Honeycombing is a warehousing situation where there is storage space available but not being fully utilized due to product put away, product shape (such as two stacks of two boxes each with a fifth box having slipped between them on top, thus preventing any further proper vertical storage), and/or location system rules (only one package per cubic foot, when two will do if stacked properly) and/or poor housekeeping (caused by procrastination in removing stale items or packing materials that are hard-to-reach and/or tedious to eliminate).
The goal of a careful layout is to minimize how often and to what extent these shortcomings occur. It is reflection of the awkward spilling of containers into space that could be more efficiently used and lets you know how much wasted (empty) space you actually have available.

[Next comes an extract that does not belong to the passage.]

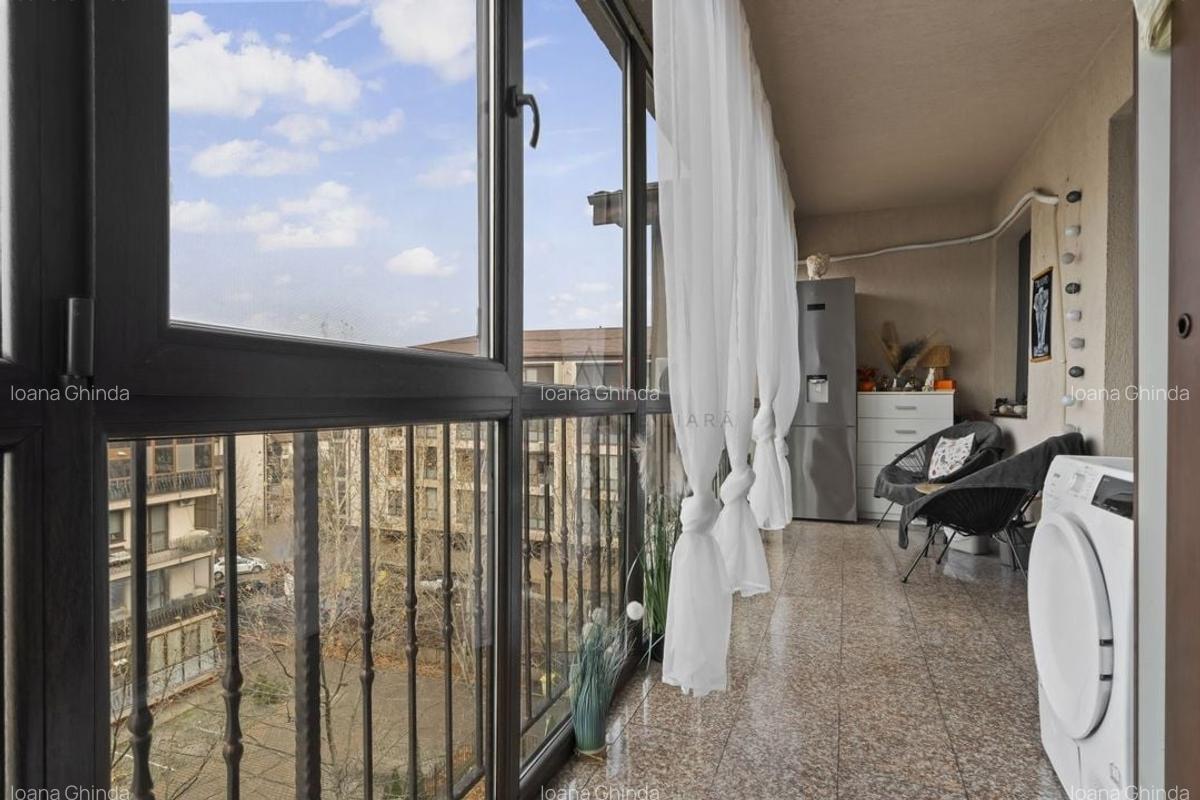 Apartament 2 Camere Fundeni/ Complet Mobilat!! 0%Comision - 13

You can calculate the impact of honeycombing on your present facility by the following simple steps:
1. Tally the number of locations you currently have set up to store items—both horizontally and vertically (include all your locations whether they are full, partially full, or empty).
2. Tally the number of empty storage positions.
3. Divide the number of empty locations by the total number of storage positions that you have. The result will be your honeycombing ratio.
The Honeycombing Ratio represents the percentage of empty space within the storage portion of your storage areas. Finding this ratio provides you with a baseline. If you decide to change your storage philosophy, you should also change your change your storage methodology (two instances: moving from racks to shelving or moving from racks to floor stacking). You can then determine the new ratio and measure improvement in space utilization.